About Groups

If a group is present on a Clumper then the behavior of some of the verbs will change. This guide will explain what changes you can expect and why they are useful.

What is a Group?

You can add a group to a Clumper by calling .group_by().

from clumper import Clumper

list_dicts = [
    {'a': 6, 'grp': 'a'},
    {'a': 2, 'grp': 'b'},
    {'a': 7, 'grp': 'a'},
    {'a': 4, 'grp': 'b'},
    {'a': 5, 'grp': 'a'}
]

(Clumper(list_dicts)
  .group_by('grp'))

The current group is now looking at all the items that have grp as a key.

This means that the collection is now aware that you're interested in calculating things per group. In this case you'd get two groups. One for {'grp': 'a'} and one for {'grp': 'b'}.

There are some verbs that will behave differently because of this.

Agg

Without Groups

When you don't have a group active then we'll make a single summary for the entire collection of items.

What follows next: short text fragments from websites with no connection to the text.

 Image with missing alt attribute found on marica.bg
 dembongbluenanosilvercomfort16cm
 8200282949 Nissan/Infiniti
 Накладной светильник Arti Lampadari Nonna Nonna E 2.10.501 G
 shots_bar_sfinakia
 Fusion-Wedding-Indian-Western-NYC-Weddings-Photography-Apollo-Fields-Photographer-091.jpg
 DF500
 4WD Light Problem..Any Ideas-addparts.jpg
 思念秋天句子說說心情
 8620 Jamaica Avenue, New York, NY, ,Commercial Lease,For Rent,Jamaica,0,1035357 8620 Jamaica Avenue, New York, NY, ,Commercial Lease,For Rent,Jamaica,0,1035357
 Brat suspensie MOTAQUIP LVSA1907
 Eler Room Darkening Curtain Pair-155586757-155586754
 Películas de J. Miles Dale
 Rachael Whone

from clumper import Clumper

list_dicts = [
    {'a': 6, 'grp': 'a'},
    {'a': 2, 'grp': 'b'},
    {'a': 7, 'grp': 'a'},
    {'a': 4, 'grp': 'b'},
    {'a': 5, 'grp': 'a'}
]

(Clumper(list_dicts)
  .agg(s=('a', 'sum'),
       m=('a', 'mean'))
  .collect())

With Groups

When there is a group active then we'll make a summary per group. We'll also ensure that the keys of the relevant groups are made available in the new collection.

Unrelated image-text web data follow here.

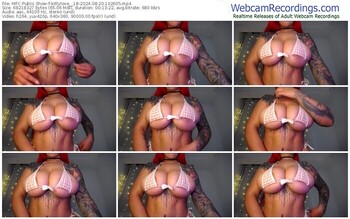 myfreecams-kittylove__18-08-20-2024-10-26-05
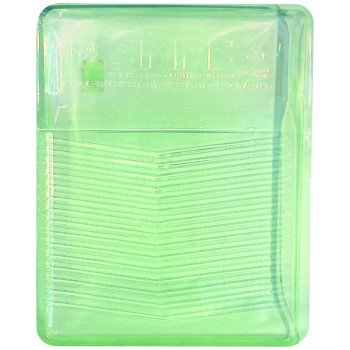 Simms T185 Tray Liner, 2 L, Plastic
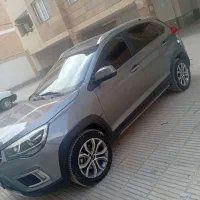 خودرو ایکس22|خودرو سواری و وانت|نیشابور, دانشگاه نیشابور|دیوار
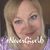 Donna Hollingsworth's profile image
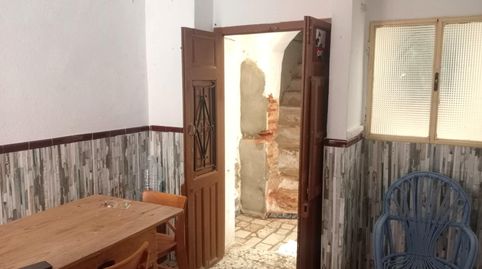 Foto 3 de Casa o chalet en venta en Algar, Cádiz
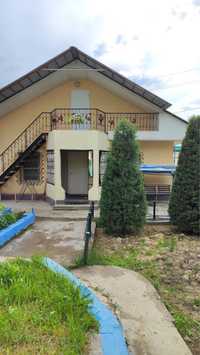 Продаётся дом на Янги Узбекистан 6 соток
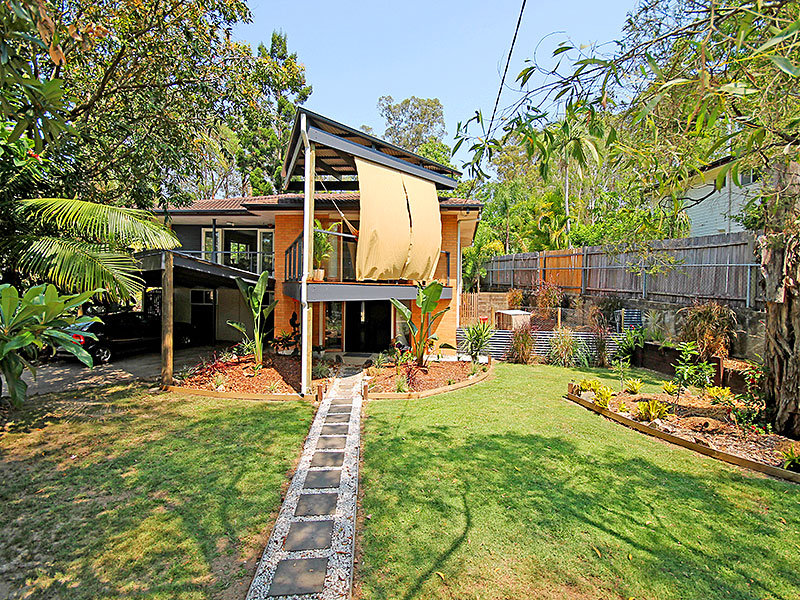 32 Tarnook Drive, Ferny Hills, QLD 4055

Note that the group is still active!

from clumper import Clumper

list_dicts = [
    {'a': 6, 'grp': 'a'},
    {'a': 2, 'grp': 'b'},
    {'a': 7, 'grp': 'a'},
    {'a': 4, 'grp': 'b'},
    {'a': 5, 'grp': 'a'}
]

(Clumper(list_dicts)
  .group_by('grp')
  .agg(s=('a', 'sum'),
       m=('a', 'mean'))
  .collect())

Aggergators

You can use your own functions if you want to do aggregation but we offer a few standard ones. Here's the standard mapping.

{
  "mean": mean,
  "count": lambda d: len(d),
  "unique": lambda d: list(set(d)),
  "n_unique": lambda d: len(set(d)),
  "sum": sum,
  "min": min,
  "max": max,
  "median": median,
  "var": variance,
  "std": stdev,
  "values": lambda d: d,
  "first": lambda d: d[0],
  "last": lambda d: d[-1],
}

Transform

The .transform() verb is similar to the .agg() verb. The main difference is that it does not reduce any rows/keys during aggregation. Instead they are merged back in with the original collection. The examples below should help explain what the usecase is.

Without Groups

With no groups active we just attach the same summary to every item.

from clumper import Clumper

data = [
    {"a": 6, "grp": "a"},
    {"a": 2, "grp": "b"},
    {"a": 7, "grp": "a"},
    {"a": 9, "grp": "b"},
    {"a": 5, "grp": "a"}
]

tfm_data = (Clumper(data)
             .group_by("grp")
             .transform(s=("a", "sum"),
                        u=("a", "unique"))
             .collect())

With Groups

With groups active we calculate a summary per group and only attach the relevant summary to each item.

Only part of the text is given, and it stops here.